Kyle: Yeah. Definitely. And also they’ll get . . . real sluttily dressed, I find. They wear those black sex pants and there will just be fifty of them rolling up to your house and you are just like: “Oh man, I don’t want to drive anyone to the hospital tonight.” KB: Because they are going to drink so much?
Kyle: Or they just don’t know how to handle themselves.
KB: What do you mean handle themselves, besides the drinking?

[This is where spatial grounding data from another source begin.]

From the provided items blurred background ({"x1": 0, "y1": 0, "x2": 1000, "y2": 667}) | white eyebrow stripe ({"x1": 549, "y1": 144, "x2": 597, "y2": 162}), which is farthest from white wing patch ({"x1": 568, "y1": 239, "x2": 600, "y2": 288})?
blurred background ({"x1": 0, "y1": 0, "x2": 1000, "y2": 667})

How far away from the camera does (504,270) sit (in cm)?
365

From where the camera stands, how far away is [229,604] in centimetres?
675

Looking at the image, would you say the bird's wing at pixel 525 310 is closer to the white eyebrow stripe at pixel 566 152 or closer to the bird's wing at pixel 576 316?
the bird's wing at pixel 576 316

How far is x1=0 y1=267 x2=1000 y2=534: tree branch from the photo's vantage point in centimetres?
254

Kyle: That is what I mean. They drink too much and get themselves in trouble. Throw up all over the place, take their clothes off, or something stupid that they normally wouldn’t do and I don’t think they would do if they were a senior and had been exposed to the college culture and drinking. A lot of the time it is like letting a kid out of a cage. Your parents in high school, they are like: “Oh be home by 1:00 A.M.” You bring the kid to college and it’s like no cage, go nuts, run wild.
KB: Do freshman males do that also or is it specifically girls?
Kyle: I think males do it too. It’s just displayed differently. Guys would get drunk too, but maybe a guy would do something he wouldn’t normally do like get in a fight or something, not like take his clothes off [the ways girls do].
KB: Would you say then that females change more over the four years [in college] than males do?
Kyle: Yeah. Definitely. Females change a lot more. They come to college and figure it’s a big school and no one is going to find out what they do and then [they learn this is not the case].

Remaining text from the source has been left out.